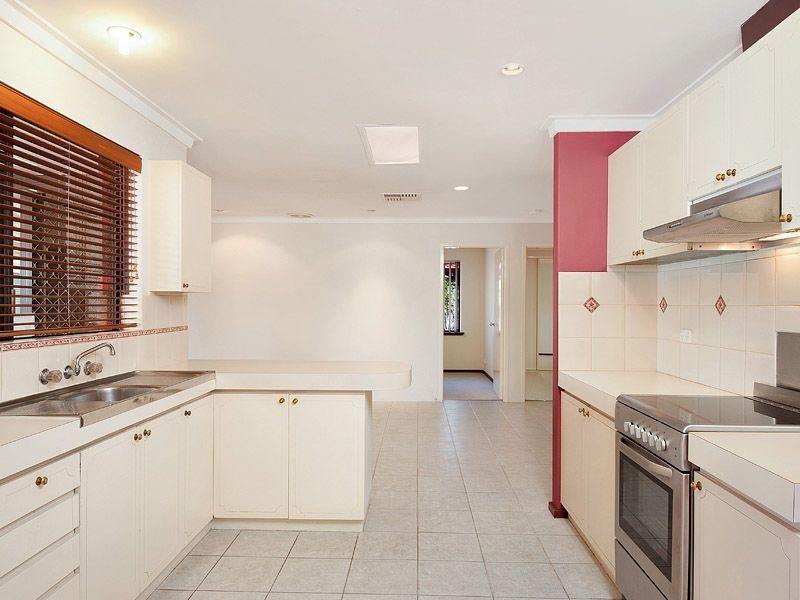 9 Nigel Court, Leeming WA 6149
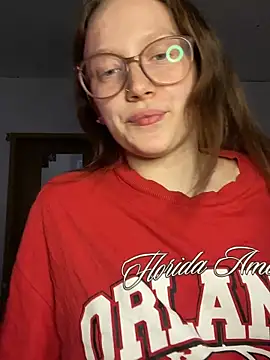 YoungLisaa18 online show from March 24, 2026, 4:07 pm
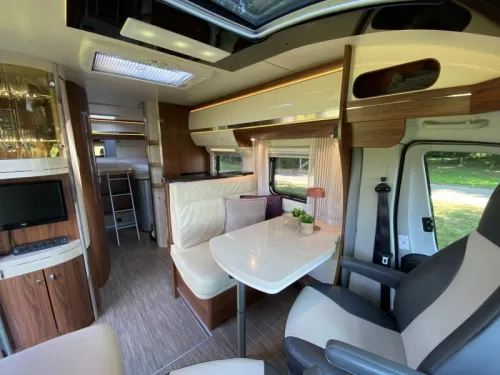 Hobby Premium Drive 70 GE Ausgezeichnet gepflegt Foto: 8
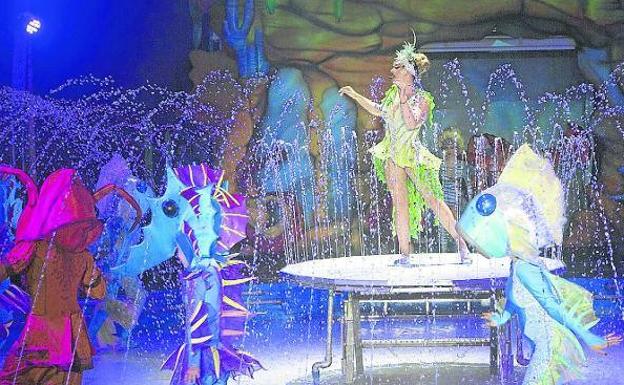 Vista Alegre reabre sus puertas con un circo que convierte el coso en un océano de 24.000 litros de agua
=-=-=-=-=
[Try it] Write out all of the data above exactly, pictures excluded.

[Exercise solution]
 9 Nigel Court, Leeming WA 6149
 YoungLisaa18 online show from March 24, 2026, 4:07 pm
 Hobby Premium Drive 70 GE Ausgezeichnet gepflegt Foto: 8
 Vista Alegre reabre sus puertas con un circo que convierte el coso en un océano de 24.000 litros de agua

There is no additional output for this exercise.